Both DeGuerin and Hardin spoke about their beliefs about Paxton's guilt and their approach to the trial.
While DeGuerin said, “no one wants a crook in the system,” referring to Paxton, he also said, the articles of impeachment “are accusations. The accusations have been made, so now let the evidence begin.”
“This is not about punishing Mr. Paxton,” DeGuerin said. “It's about protecting the public, protecting the citizens of Texas … the people of the state of Texas are entitled to know whether their top cop is a crook.”
Hardin said he believed Paxton is guilty, that Paxton tried to intimidate people, and that he was “shocked at the details and the facts of the allegations” made by those interviewed by GIC-hired investigators. He also said what's at stake isn't about “a one-time misuse of office” but about “a pattern of misconduct and misuse of office.” He also said the allegations against Paxton are “ten times worse than what has been made public” and “it will blow your mind.”
Hardin said the process would involve a “full public hearing that allows both sides to present the evidence,” which would follow rules created by the Senate. Lt. Gov. Dan Patrick created a committee that is developing the rules governing the trial, which will be publicized June 20. He also said a trial will take place no later than August 28.
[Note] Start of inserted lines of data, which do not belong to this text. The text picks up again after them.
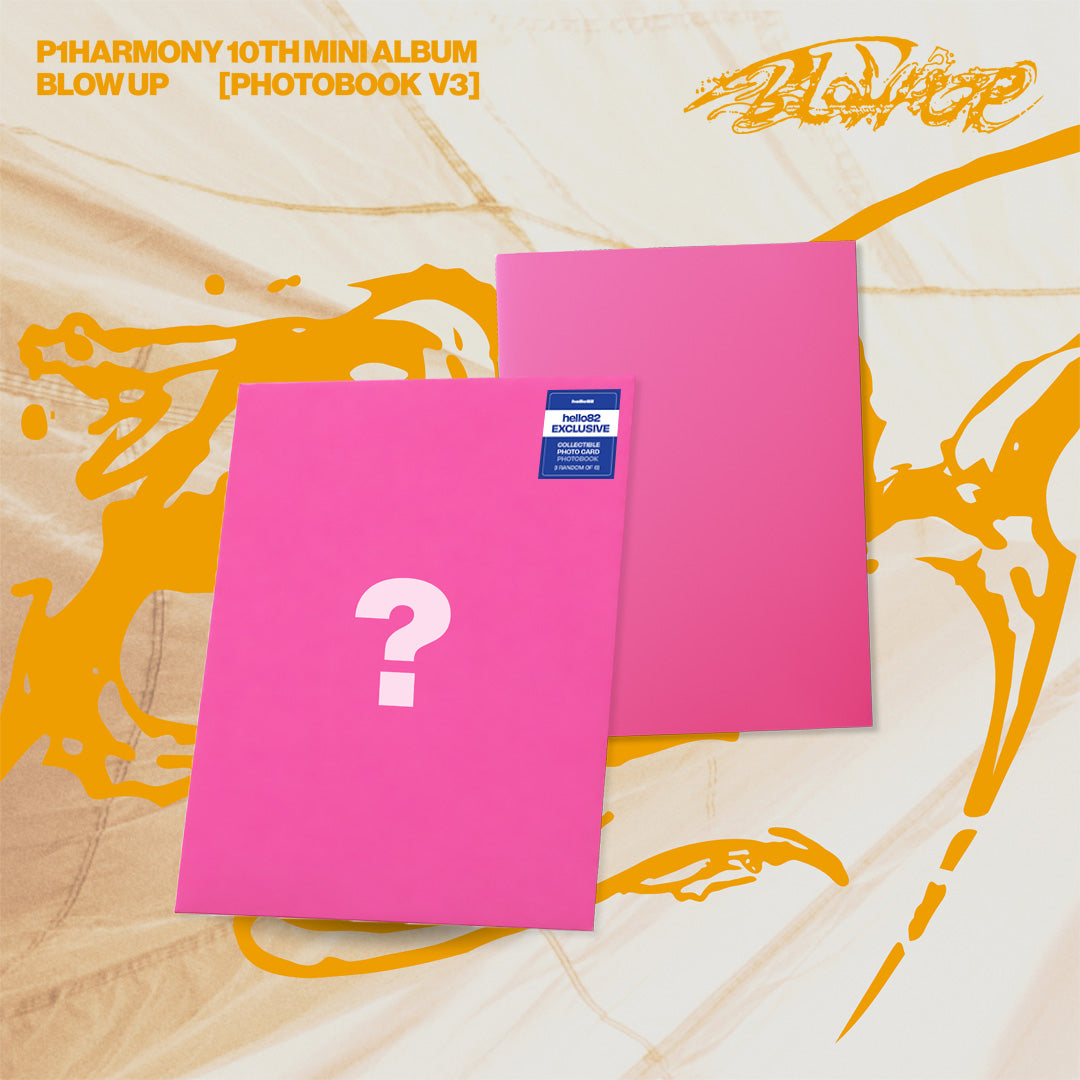 P1Harmony - BLOW UP (Photobook Ver.) - hello82 Exclusive in Photobook V3 (Pink)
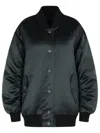 Dolce & Gabbana Black Polyester Bomber Jacket In Green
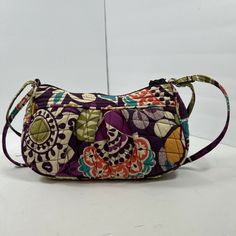 Vera Bradley Small Crossbody Purse - Bag - Purple Floral And Paisley Design.. Multicolor Rectangular Bag With Paisley Print, Everyday Use Bags With Paisley Print, Casual Multicolor Paisley Print Bags, Small Crossbody Purse, Purple Bags, Paisley Design, Small Crossbody, Purse Bag, Crossbody Purse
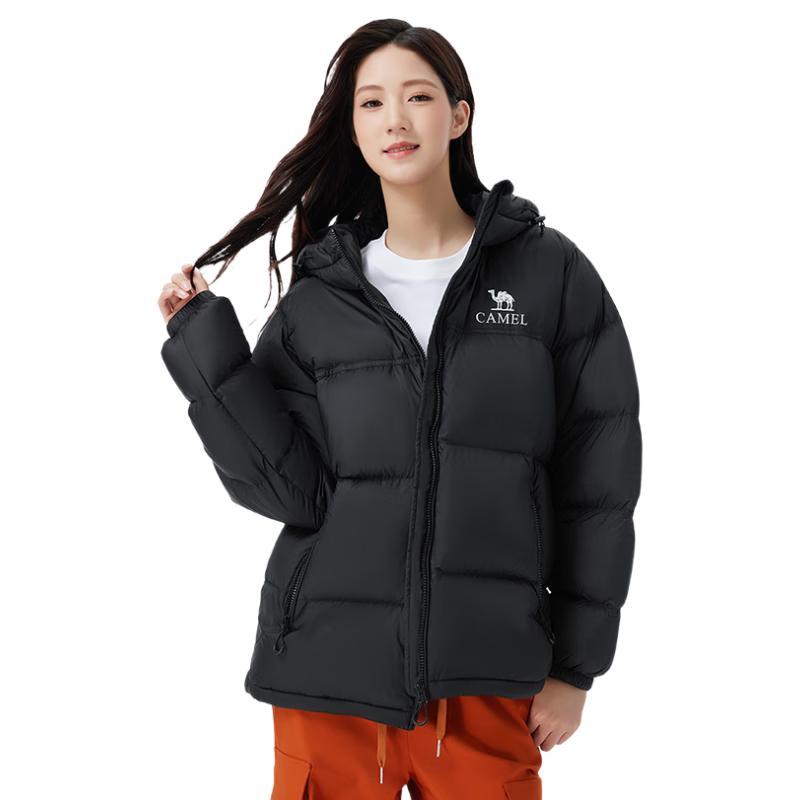 

Camel Unisex Winter Hooded Puffer Down Jacket 3XL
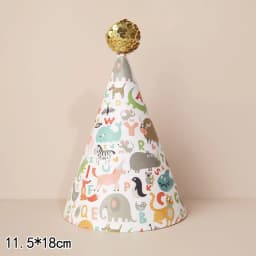 3 Pieces Happy Birthday Party Hats Polka Dot Dinosaurs DIY Cute Handmade Cap Crown Shower Baby Decoration Boy Girl Gifts Supplie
“Impeachment is not about punishing the offender, it is about protecting and serving the government and the public,” Hardin said. “Impeachment, for instance, is not a criminal trial in the sense that the Texas Constitution makes clear if criminal authorities think there's a criminal offense, they still can proceed with investigations … in the criminal domain. But what impeachment is about is whether to remove that public official who is abusing their process while a determination is made, and that's it. This process doesn't impose criminal penalties.”
If Paxton were to be convicted by the Senate, he would be permanently removed from office and barred from ever running for office in Texas again.
After he was impeached, Paxton was immediately suspended, and last week, Gov. Greg Abbott appointed former Secretary of State John Scott as the interim attorney general.
Six of Paxton's employees have taken leaves of absence to defend their former boss at trial. One of them, Division Chief of the General Litigation Division Chris Hilton, attempted to present evidence to the GIC, which refused to interview Paxton or anyone from his staff as part of its investigation. Hilton told reporters last Thursday that the committee was engaged in an “illegal investigation” and a report it issued was “filled with falsehoods and misrepresentations.”
The Texas GOP, Paxton and others argue the impeachment didn't follow basic due process, was political, illegal, unethical and unjust.
An outside law firm also found that Paxton didn't break any laws or violate procedure.
DeGuerin began his career as an assistant District Attorney in Harris County. He has defended high profile clients, including former Republican Texas legislators like U.S. House Majority Leader Tom DeLay and U.S. Sen. Kay Bailey Hutchison, but is most well-known for defending David Koresh and Robert Durst.
Hardin has also defended famous, high profile Texans, including Enron accountant Arthur Andersen, former MLB pitcher Roger Clemens, Lakewood Church's Victoria Osteen, Houston Texans quarterback Deshaun Watson, among many others.